== PROVIDED INFORMATION

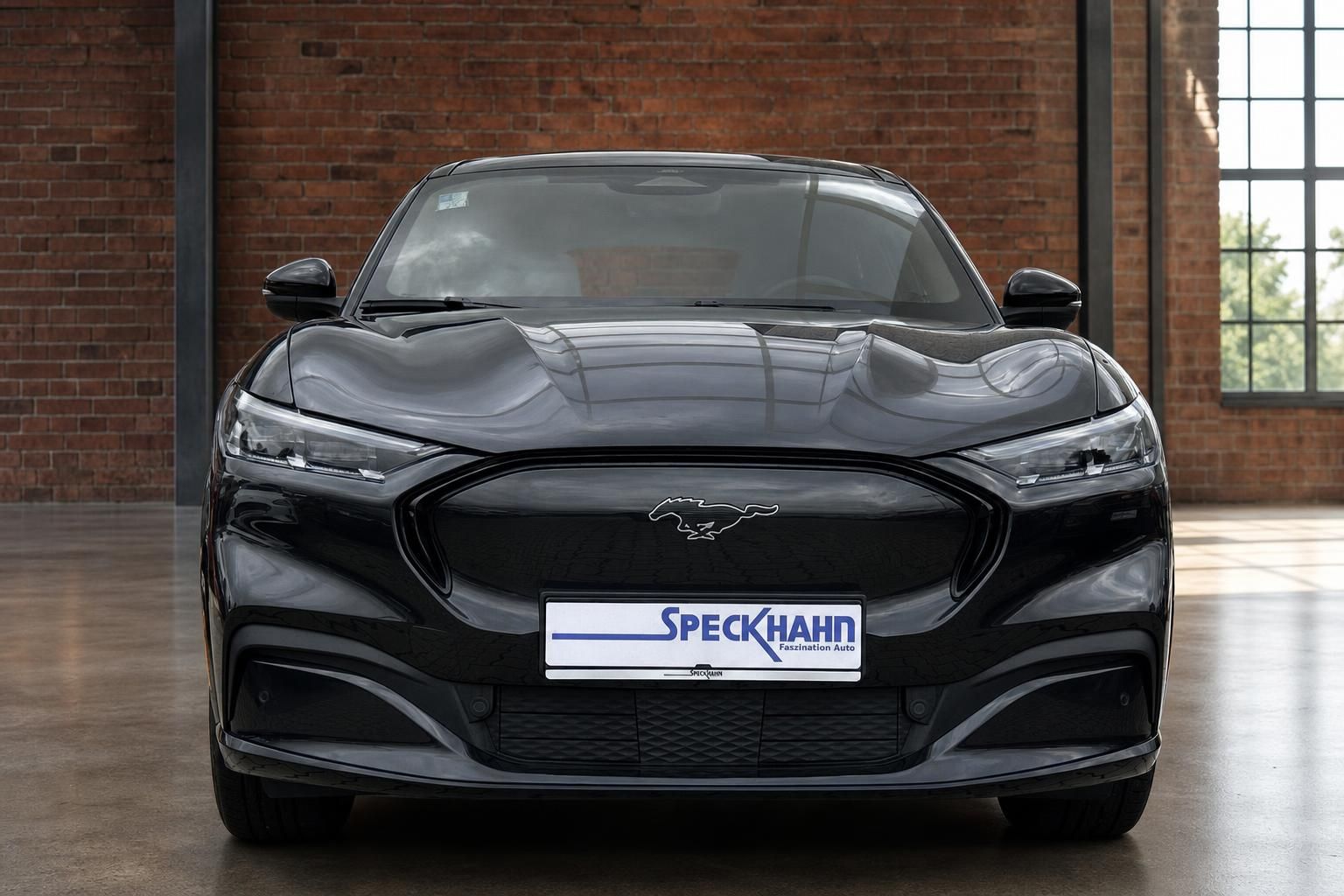 Ford Mustang Mach-E schwarz Frontansicht mit Speckhahn Kennzeichenrahmen in Industriehalle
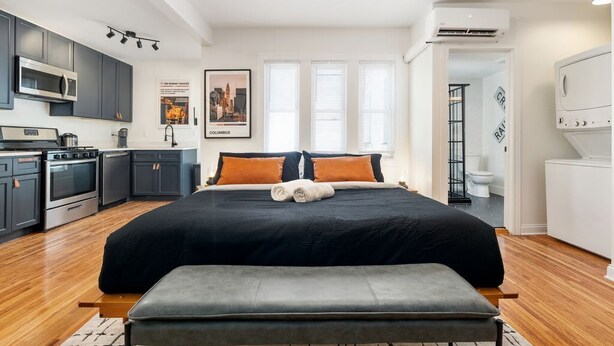 A modern bedroom with a large bed, a bench, a kitchenette, and a bathroom visible through an open door.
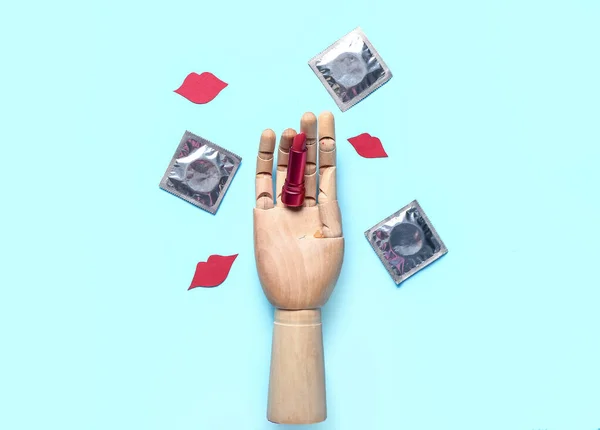 带口红 避孕套和蓝底纸唇的木制手部 性别概念 — 图库照片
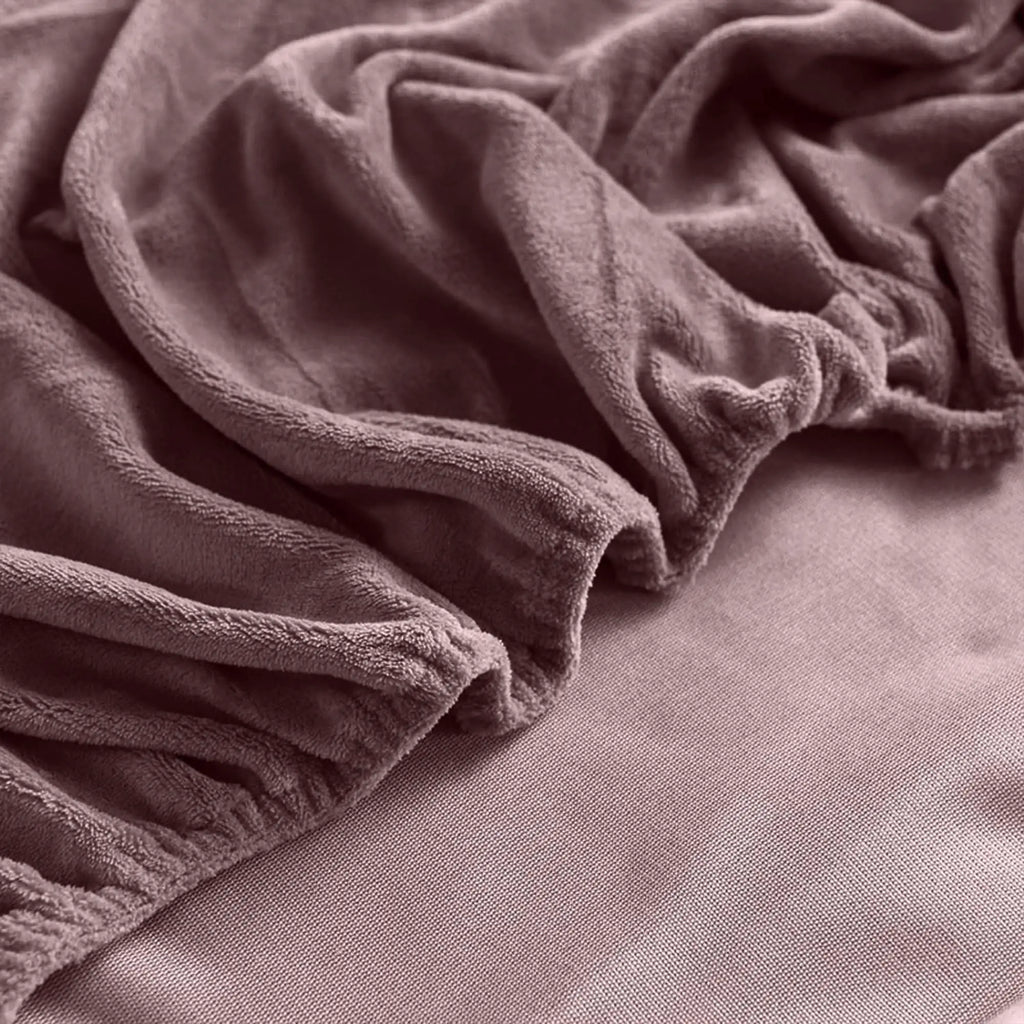 Corner of mauve velvet fitted sheet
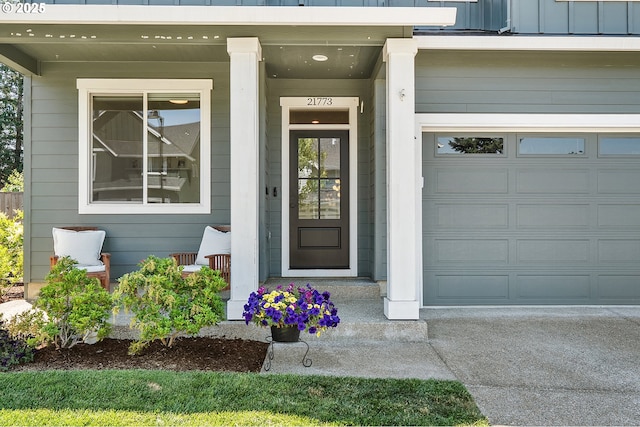 21773 SW Meadow Ter, Sherwood, OR 97140 - doorway to property featuring a garage and a porch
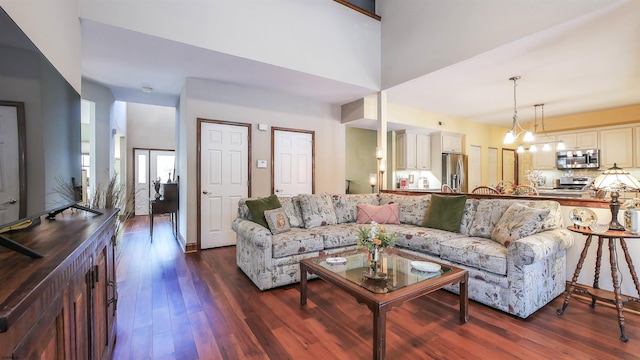 living room with a high ceiling, a notable chandelier, and dark hardwood / wood-style flooring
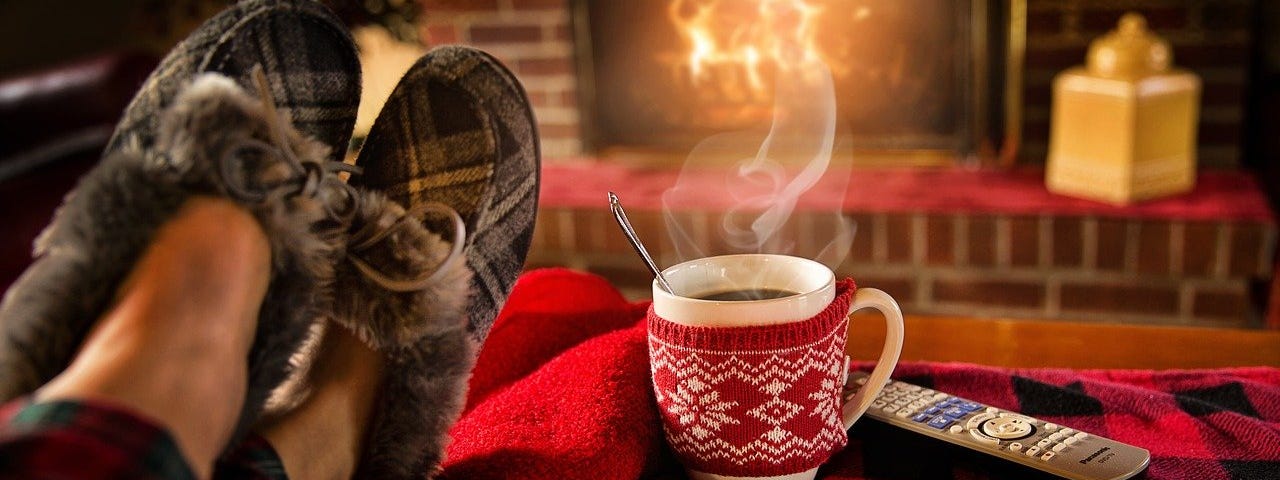 Recharge your mind and body/by Laura Knapke/Medium.com Picture of someone wearing slippers relaxing in from of a fire with a cup of coffee.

====

In the records above, find the line containing "21773 SW Meadow", then write out exactly that line and every later one through the last, omitting pictures.

 21773 SW Meadow Ter, Sherwood, OR 97140 - doorway to property featuring a garage and a porch
 living room with a high ceiling, a notable chandelier, and dark hardwood / wood-style flooring
 Recharge your mind and body/by Laura Knapke/Medium.com Picture of someone wearing slippers relaxing in from of a fire with a cup of coffee.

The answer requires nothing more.